AUTHOR=Robles-Planells Claudia , Michelson Sofia A. , Mena Javier , Escrig Daniela , Rojas Juan L. , Sanchez-Guerrero Giselle , Hernández Ronny , Barrera-Avalos Carlos , Rojo Leonel E. , Sauma Daniela , Kalergis Alexis M. , Imarai Mónica , Fernández Ricardo , Robles Carolina A. , Leiva-Salcedo Elías , Santander Rocio , Escobar Alejandro , Acuña-Castillo Claudio TITLE=Lithraea caustic (Litre) Extract Promotes an Antitumor Response Against B16 Melanoma JOURNAL=Frontiers in Pharmacology VOLUME=10 YEAR=2019 URL=https://www.frontiersin.org/journals/pharmacology/articles/10.3389/fphar.2019.01201 DOI=10.3389/fphar.2019.01201 ISSN=1663-9812 ABSTRACT=

Melanoma immunotherapy, specifically the autotransplant of dendritic cells charged with tumors antigens, has shown promising results in clinical trials.
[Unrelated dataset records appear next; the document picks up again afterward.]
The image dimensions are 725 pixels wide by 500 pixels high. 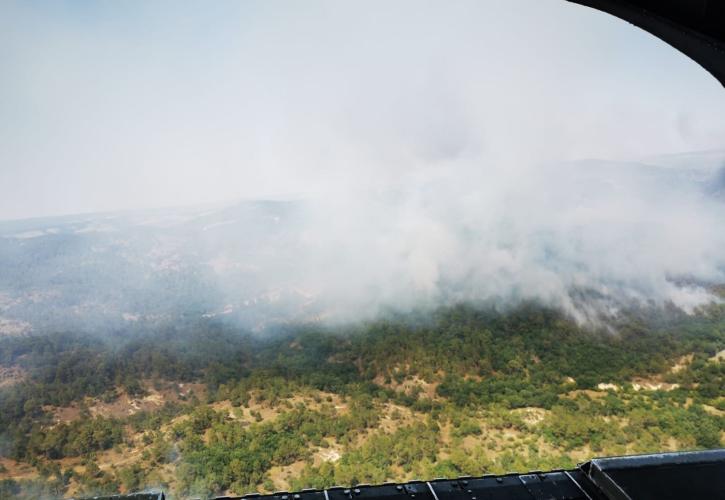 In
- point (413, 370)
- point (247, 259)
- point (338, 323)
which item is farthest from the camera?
point (247, 259)

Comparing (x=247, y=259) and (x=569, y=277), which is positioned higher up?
(x=247, y=259)

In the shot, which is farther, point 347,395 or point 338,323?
point 338,323

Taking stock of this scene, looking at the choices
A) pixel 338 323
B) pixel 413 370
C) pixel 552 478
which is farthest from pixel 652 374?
pixel 552 478

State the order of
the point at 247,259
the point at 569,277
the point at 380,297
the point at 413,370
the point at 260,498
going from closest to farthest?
the point at 260,498 → the point at 413,370 → the point at 569,277 → the point at 380,297 → the point at 247,259

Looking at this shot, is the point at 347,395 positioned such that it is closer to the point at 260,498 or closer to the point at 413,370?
the point at 413,370

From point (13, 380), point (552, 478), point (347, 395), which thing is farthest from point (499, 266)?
point (552, 478)

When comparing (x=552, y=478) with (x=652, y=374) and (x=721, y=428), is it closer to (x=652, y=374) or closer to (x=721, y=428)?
(x=721, y=428)

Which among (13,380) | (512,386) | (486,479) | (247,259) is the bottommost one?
(512,386) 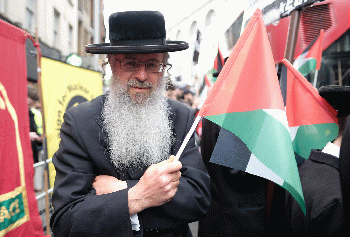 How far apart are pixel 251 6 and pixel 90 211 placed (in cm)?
220

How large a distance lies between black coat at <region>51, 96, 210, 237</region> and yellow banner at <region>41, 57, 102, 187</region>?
5.76 ft

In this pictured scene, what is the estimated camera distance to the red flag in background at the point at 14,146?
1993 millimetres

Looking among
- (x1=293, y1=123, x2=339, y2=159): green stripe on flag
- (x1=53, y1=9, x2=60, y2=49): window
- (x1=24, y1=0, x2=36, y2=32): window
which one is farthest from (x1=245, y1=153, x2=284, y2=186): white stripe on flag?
(x1=53, y1=9, x2=60, y2=49): window

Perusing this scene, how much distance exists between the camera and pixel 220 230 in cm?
245

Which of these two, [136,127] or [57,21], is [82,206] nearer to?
[136,127]

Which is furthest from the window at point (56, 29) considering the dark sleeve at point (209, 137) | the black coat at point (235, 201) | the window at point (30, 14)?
the black coat at point (235, 201)

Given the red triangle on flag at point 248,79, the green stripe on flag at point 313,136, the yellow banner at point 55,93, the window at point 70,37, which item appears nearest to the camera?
the red triangle on flag at point 248,79

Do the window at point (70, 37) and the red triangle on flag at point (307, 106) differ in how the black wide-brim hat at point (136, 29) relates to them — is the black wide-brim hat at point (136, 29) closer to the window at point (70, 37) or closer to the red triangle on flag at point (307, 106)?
the red triangle on flag at point (307, 106)

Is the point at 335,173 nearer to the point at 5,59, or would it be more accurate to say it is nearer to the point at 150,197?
the point at 150,197

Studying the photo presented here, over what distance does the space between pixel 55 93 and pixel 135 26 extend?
2.02 m

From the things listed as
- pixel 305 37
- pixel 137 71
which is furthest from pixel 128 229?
pixel 305 37

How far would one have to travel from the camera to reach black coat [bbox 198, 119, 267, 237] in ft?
7.66

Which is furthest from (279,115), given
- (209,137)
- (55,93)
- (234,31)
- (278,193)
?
(234,31)

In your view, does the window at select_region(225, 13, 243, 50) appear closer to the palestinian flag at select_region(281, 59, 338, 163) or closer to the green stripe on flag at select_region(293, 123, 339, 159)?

The positive clinical effects of this therapy have been associated to increased Th17 response and delayed-type hypersensitivity (DTH) against to tumor antigens. Some synthetic compounds, such as diphenylcyclopropenone (DPCP), are capable of triggering a DTH response in cutaneous malignancies and also to induce clinically relevant effects against melanoma. In this work, we evaluated Litre extract (LExT), a standardized extract of a Chilean stinging plant, Lithraea caustic (Litre). As Litre plant is known to induce DTH, we used a murine B16 melanoma model to compare the topical and intratumor efficacy of LExT with synthetic DTH inducers (DPCP and 2,4-dinitrochlorobenzene [DNCB]). LExt contained mainly long chain catechols and sesquiterpenes. The intratumor injection of LExT induced a significant delay in tumor growth, similarly topical treatment of an established tumor with 0.1% LExT ointment induced a growth delay and even tumor regression in 15% of treated animals. No significant changes were observed on the T-cell populations associated to LExT treatment, and neither DNCB nor DPCP were capable to induce none of the LExT-induced antitumoral effects. Interestingly, our results indicate that LExT induces an antitumor response against melanoma in a mouse model and could bring a new –and affordable- treatment for melanoma in humans.